There was only one problem: I had not seen a single zombie.
Thankfully, that changed on day four. On a cold and drizzly morning we began shooting in a mostly abandoned, very dilapidated industrial area of St. Louis. The buildings were boarded up and crumbling. The businesses had withered long ago and were blocked off by bent and rusty gates. Broken glass and other debris littered the alleyways and sidewalks. It was a perfect zombie apocalypse setting. We shot a whole new sequence for the movie – a zombie attack scene. Finally!
Lead actor Strasser was back to battle the undead. Making the day more enjoyable for me was the fact that the featured zombies were familiar faces – uh, at least until makeup effects artist Rachel Rieckenberg got hold of them.
First to hit the makeup chair and be transformed into an undead ghoul was Gus Stevenson, with whom I collaborated on my most recent film, Ratline (2011). Gus created the music score for Ratline, and he played a small part in that movie. He made a great zombie, lurching, snarling, and lunging at Strasser, attempting to turn him into dinner.

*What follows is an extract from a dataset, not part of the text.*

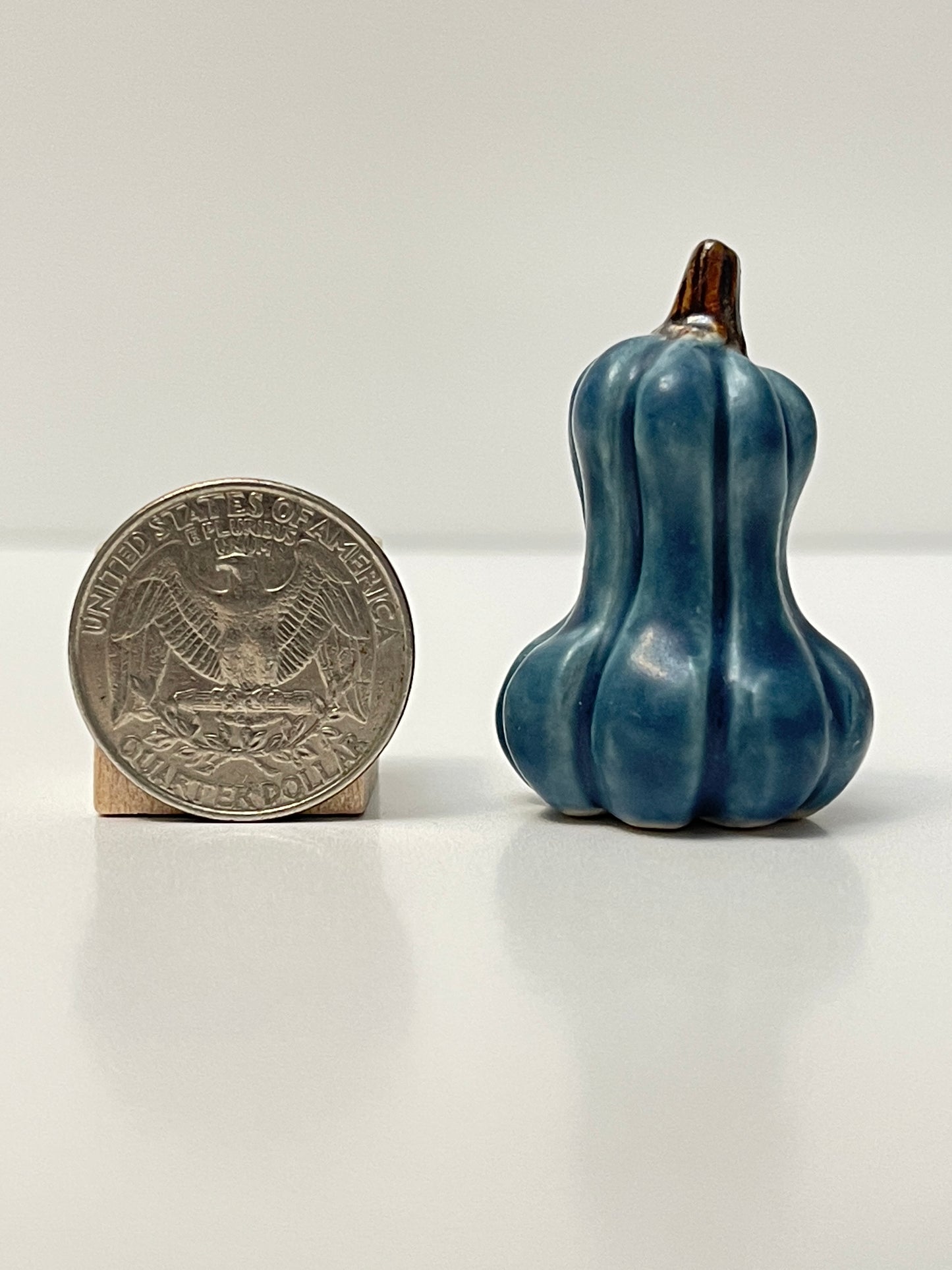 Mini Pumpkin - Matte Blue - Gourd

The other zombie cameo was provided by Eli DeGeer, who played a lead part in a feature-length drama / horror / experimental film I directed, China White Serpentine (2003). We’ve worked together on numerous other projects, but if memory serves, she was never a reanimated corpse. She played the star zombie on this final day of Sound Of Nothing pickups, and despite the fact that half of her face had been ripped off, she did an outstanding job.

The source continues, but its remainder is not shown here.